Rust's Block Pattern - Hacker News

Posted by zdw 5 days ago

Rust's Block Pattern(notgull.net)

217 points | 114 comments

koakuma-chan 4 days ago|

I have one better: the try block pattern.

https://doc.rust-lang.org/beta/unstable-book/language-featur...

Sytten 4 days ago||

I want that stabilized so bad but it's not been really moving forward.

mbrubeck 4 days ago|||

There's some active work recently on fixing blocking issues, e.g.:

https://github.com/rust-lang/rust/pull/148725

https://github.com/rust-lang/rust/pull/149489

mmastrac 4 days ago||||

I was not a fan when I first saw it but I'm becoming desperate to have it the more Rust I write.

koakuma-chan 4 days ago||||

#![feature(try_blocks)]

You only live once.

dwattttt 4 days ago||

I've tried it recently, from memory error inference wasn't that great through it.

JoshTriplett 4 days ago||

That's exactly what's currently being fixed before stabilizing it.

stouset 4 days ago|||

Out of curiosity why can’t a block just do this natively?

masklinn 4 days ago|||

Because it would massively alter langage semantics? It converts returns from the nearest function into returns from the nearest (try) block.
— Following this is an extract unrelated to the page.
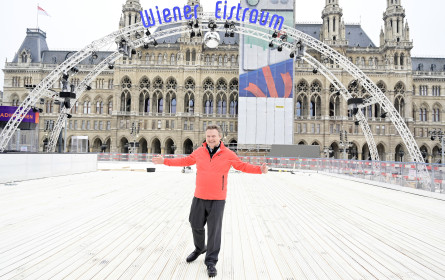 Der Wiener Eistraum feiert seinen 25. Geburtstag und Bürgermeister Michael Ludwig war der erste Gratulant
lunar_mycroft 4 days ago|||

Because then you couldn't use ? to propagate errors if they occurred inside any loops or branches within the function, which would be a significant limitation.

loeg 4 days ago|||

Can this just be done as a lambda that is immediately evaluated? It's just much more verbose.
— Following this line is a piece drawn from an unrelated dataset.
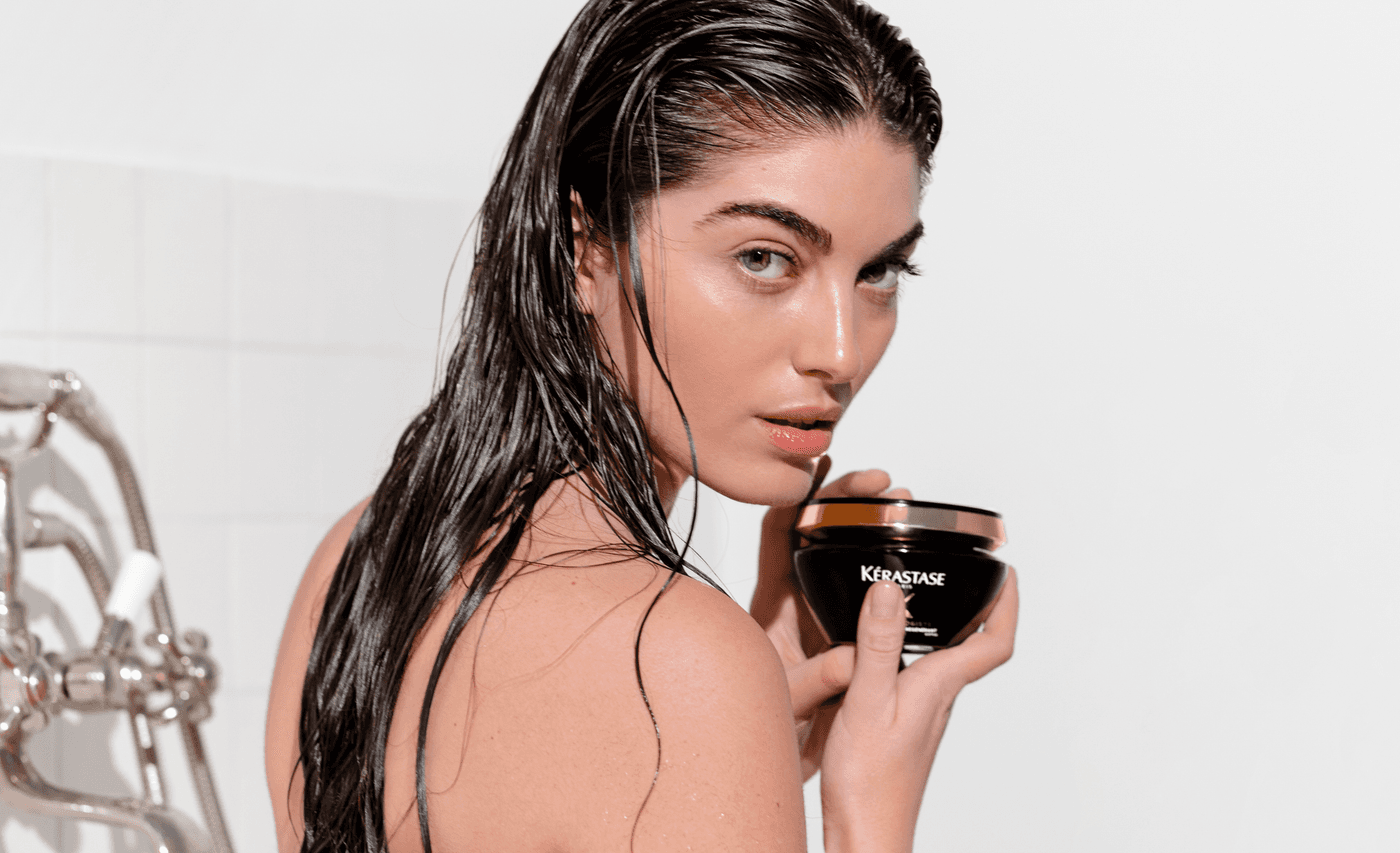 Kaputte Haare reparieren: Frau mit Haarmaske von Kérastase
    let x = (|| -> Result<i32, std::num::ParseIntError> {
         Ok("1".parse::<i32>()?
          + "2".parse::<i32>()?
          + "3".parse::<i32>()?)
    })();

rendaw 4 days ago|||

That prevents other control flow mechanisms (return, break) from operating past the function boundary. In general, I avoid single-callsite functions as much as possible (including the iterator api) for this reason.

ahartmetz 4 days ago||

It sounds like you're fighting the language - Rust is sort of FP-light and you're encouraged to return a null/error value from the intermediate calculation instead of doing an early return from the outer scope. It's a nice and easy to follow way to structure the code IME. Yes, it's more verbose when an early return would have been just right - so be it.

dzaima 4 days ago||

For the case where `try` is useful over the functional form (i.e. parent's situation of having a desired Result, plus some unrelated early-returning), that ends up with nested `Result`s though, i.e. spamming an `Ok(Ok(x))` on all the non-erroring cases, which gets ugly fast.

skribanto 4 days ago||

Why couldnt you flatten it?

dzaima 2 days ago||

You have three different value cases (main value, main Err case for `?` to consume, and whatever early-return case). And the `?` operator fully taking up the Err result case means your main-result+early-return values strictly must both be wrapped in an Ok.

schneems 4 days ago||||

Wouldn't that also move any referenced variables too? Unlike the block example that would make this code not identical to what it's replacing.

pflanze 4 days ago||

No, unless you ask for it via the `move` keyword in front of the closure.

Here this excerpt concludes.